▶ _Work request_: Print, exactly as written, the line in the entries below that contains "İllustrasyon Anime Duvar" and every line after it up to and including the last. Omit pictures.

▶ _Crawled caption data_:
————————

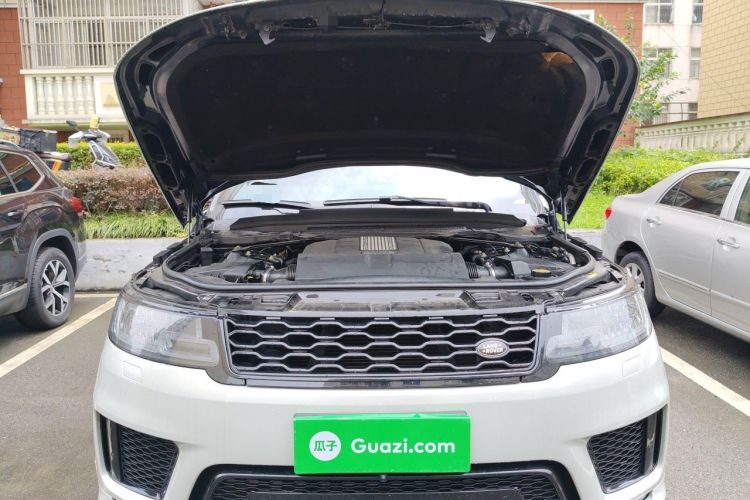 Used Land Rover Range Sport 2015 3.0 SC V6 HSE DYNAMIC Engine Bay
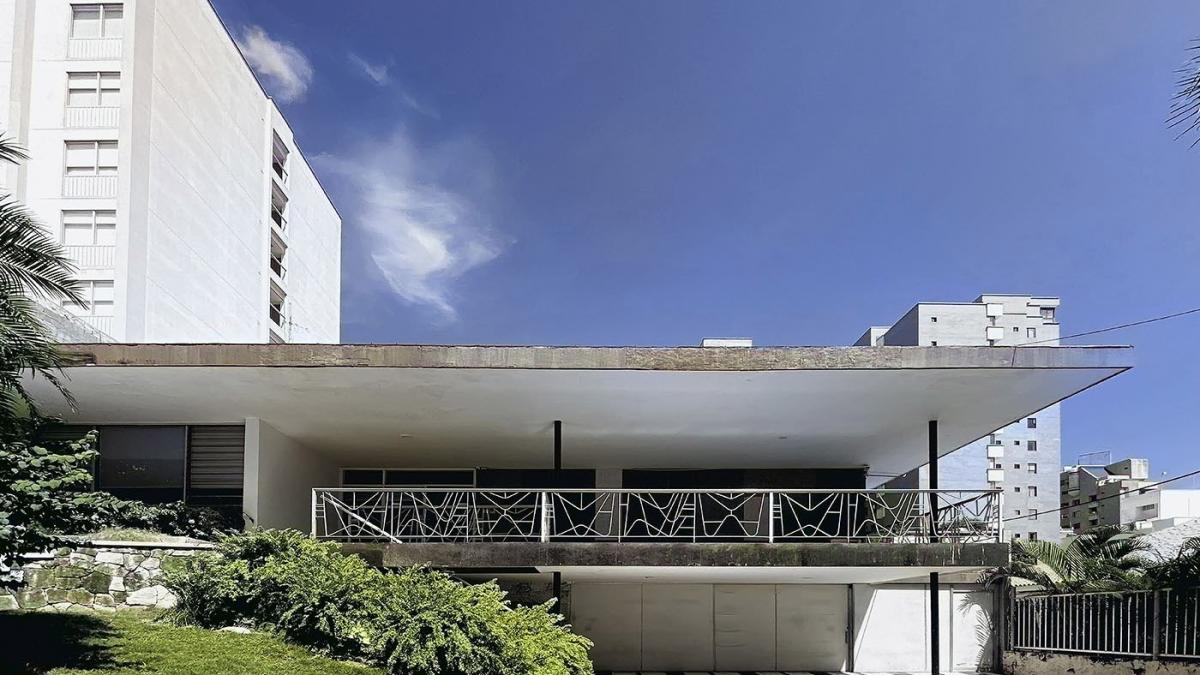 El Prado de la Barranquilla Kozmopolit Mahallenin Son Modern Evi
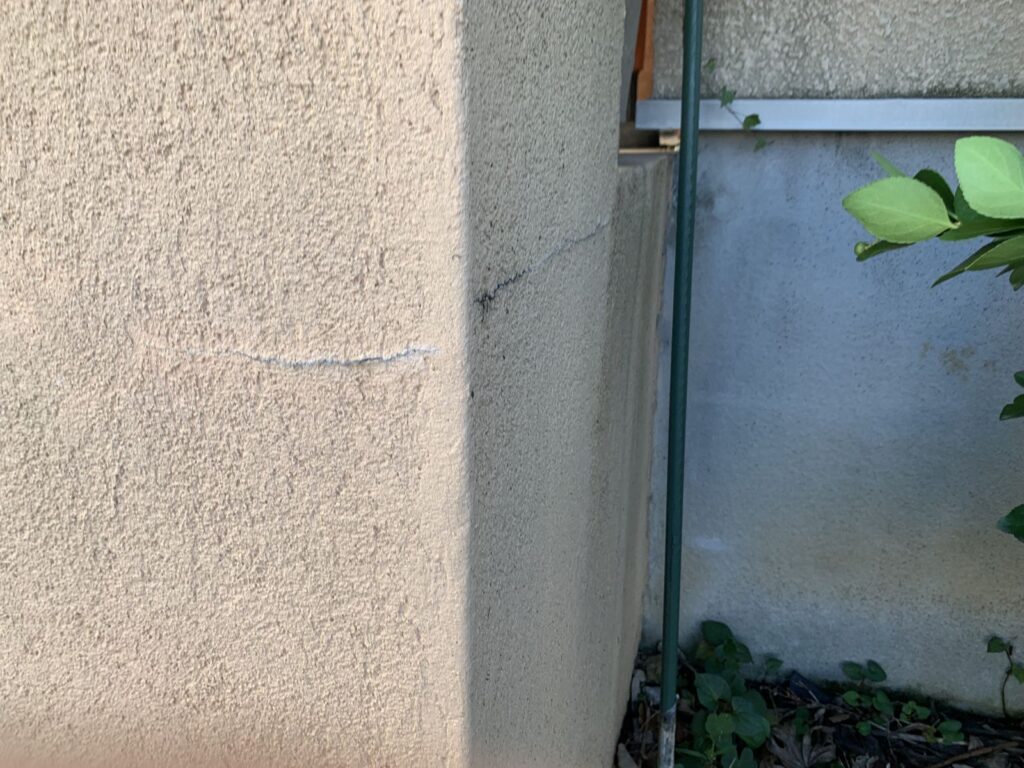 外壁のクラック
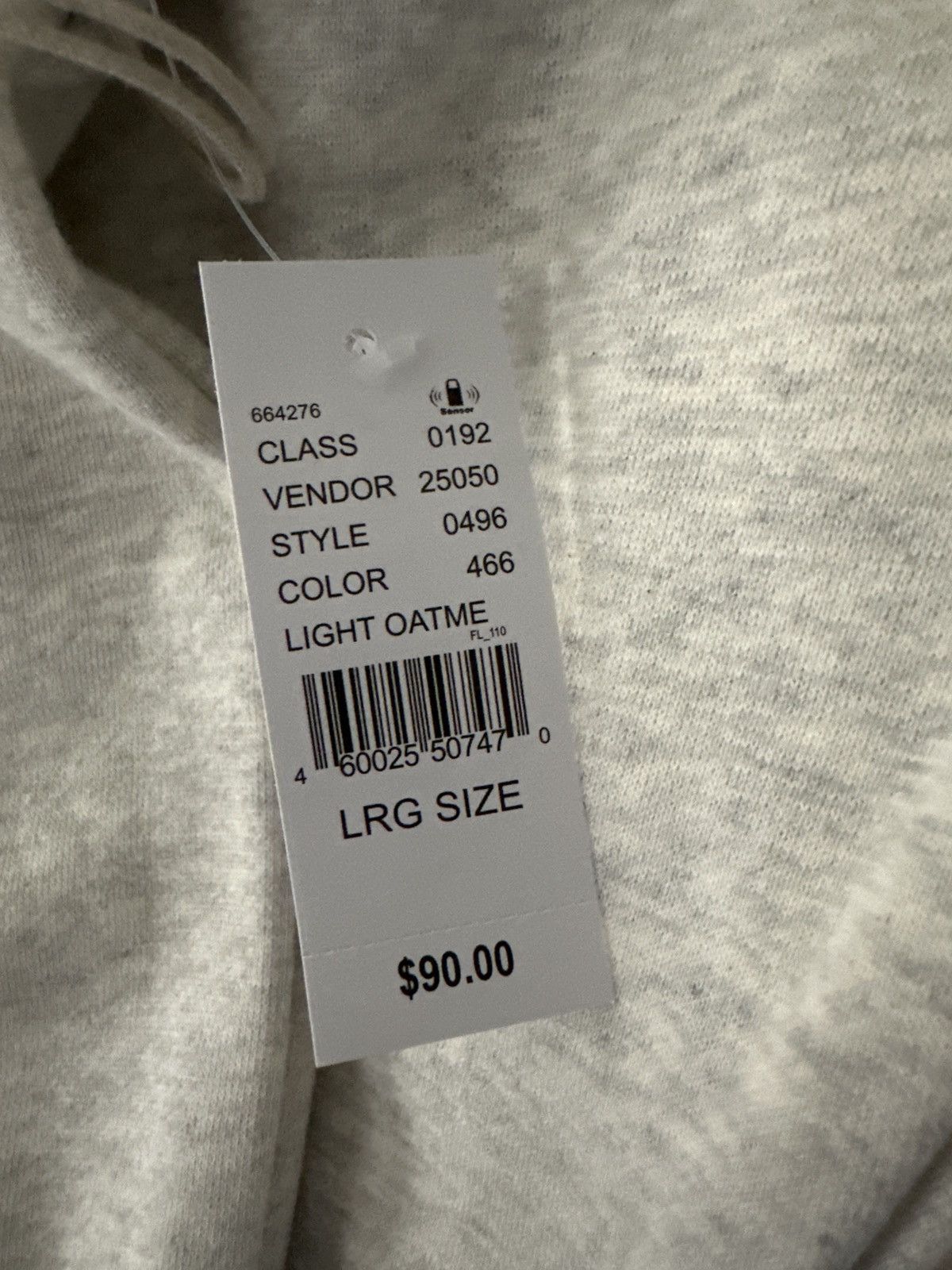 Essentials × Fear of God Essentials SS22 Oatmeal Large Size US L / EU 52-54 / 3 - 6 Thumbnail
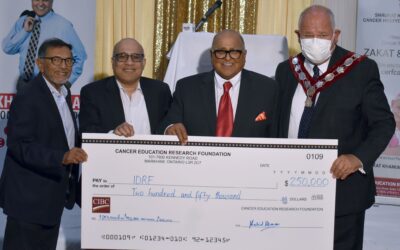 Councillor Khalid Usman & CERF Raise Three Hundred and twenty-two thousand in Markham for IDRF Pakistan Flood Relief project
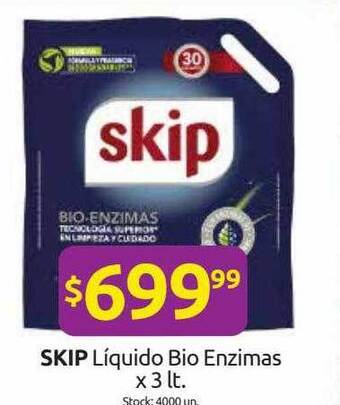 Cordiez Skip Líquido Bio Enzimas oferta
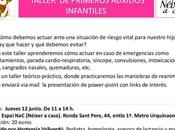 Taller teórico-práctico primeros auxilios infantiles Barcelona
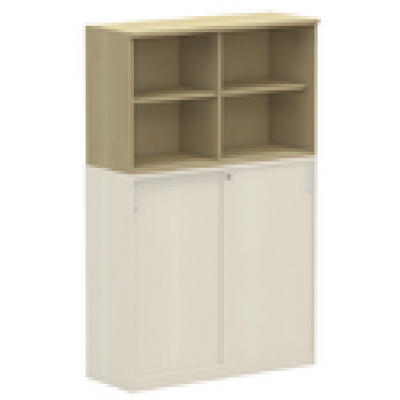 NWS Easy Series Open Upper Cabinet H740, W1200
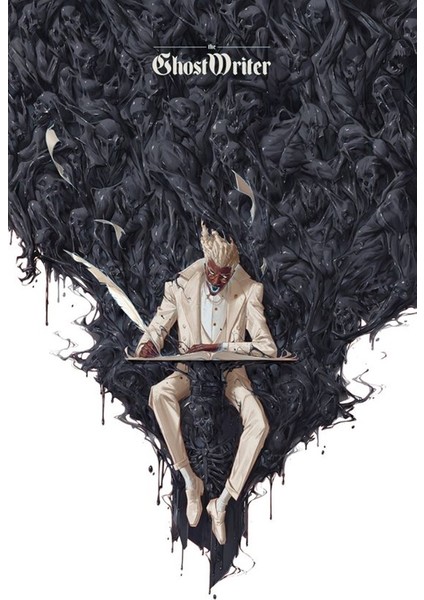 İllustrasyon Anime Duvar Dekor Tasarım Poster 30 x 42 Çerçevesiz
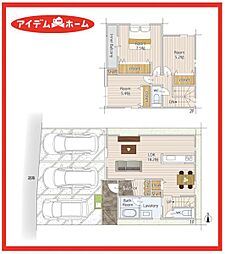 物件画像 中川区戸田30期　8号棟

————————

▶ _Answer for the task_:
 İllustrasyon Anime Duvar Dekor Tasarım Poster 30 x 42 Çerçevesiz
 物件画像 中川区戸田30期　8号棟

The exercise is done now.